What you need to do -> Can you print the data exactly and leave out each image?

Data block ->
____________________
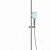 Grohe Euphoria Power&Soul 190: Ultimate Shower Experience 3D model small image 2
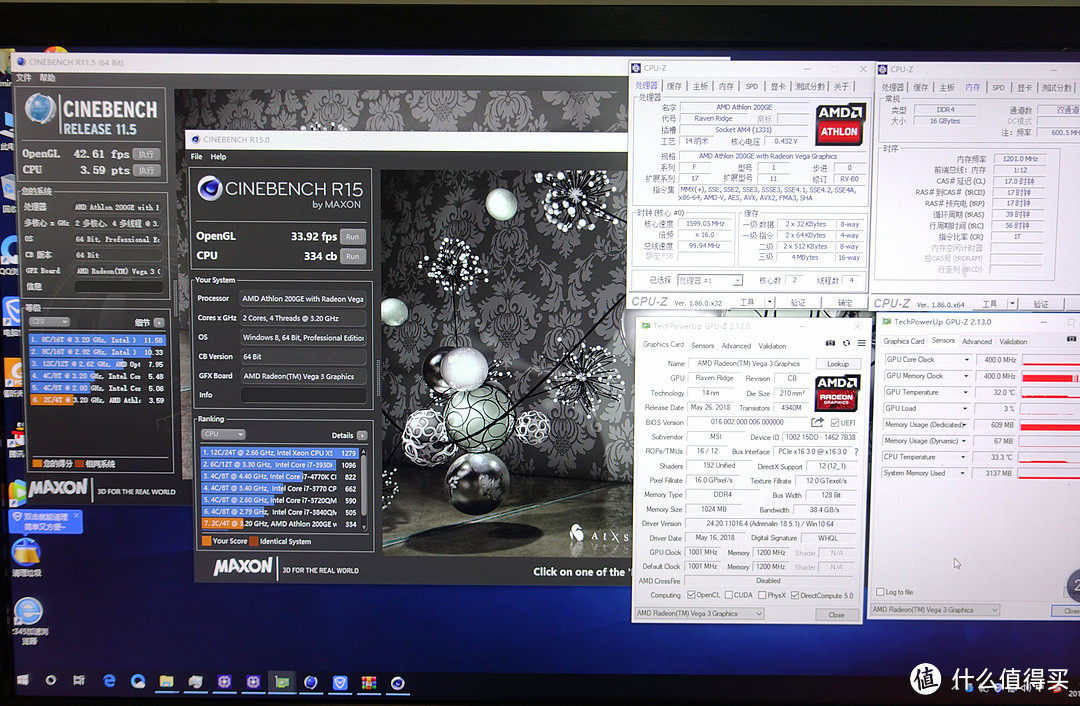 CINEBENCH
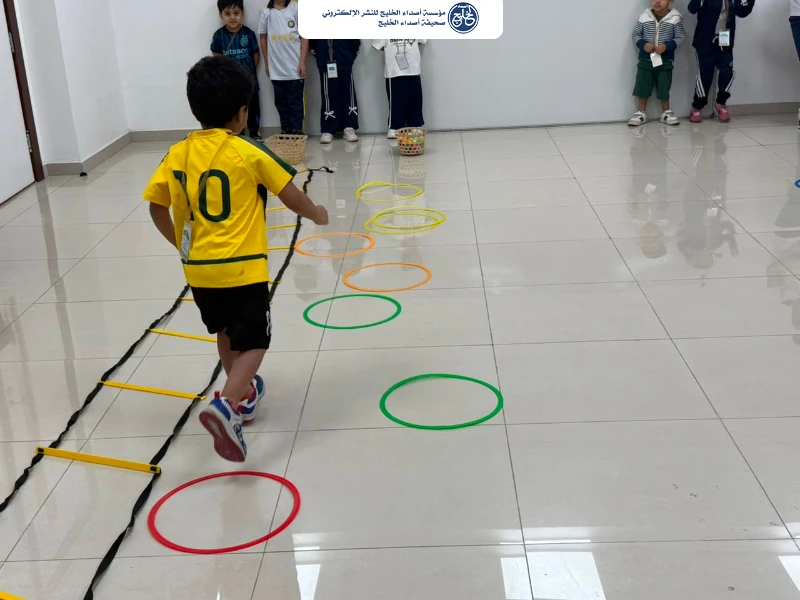 جمعية درر لرعاية الطفولة تختتم برنامج امرح وتعلم الفائز بمبادرة صيف الطفولة 3 لدعم تنفيذ افضل المبادرات والمشاريع الصيفية للاطفال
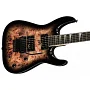 Електрогітара JACKSON JS SERIES JS32 DKAP TRANSPARENT BLACK BURST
____________________
Reply to the task ->
 Grohe Euphoria Power&Soul 190: Ultimate Shower Experience 3D model small image 2
 CINEBENCH
 جمعية درر لرعاية الطفولة تختتم برنامج امرح وتعلم الفائز بمبادرة صيف الطفولة 3 لدعم تنفيذ افضل المبادرات والمشاريع الصيفية للاطفال
 Електрогітара JACKSON JS SERIES JS32 DKAP TRANSPARENT BLACK BURST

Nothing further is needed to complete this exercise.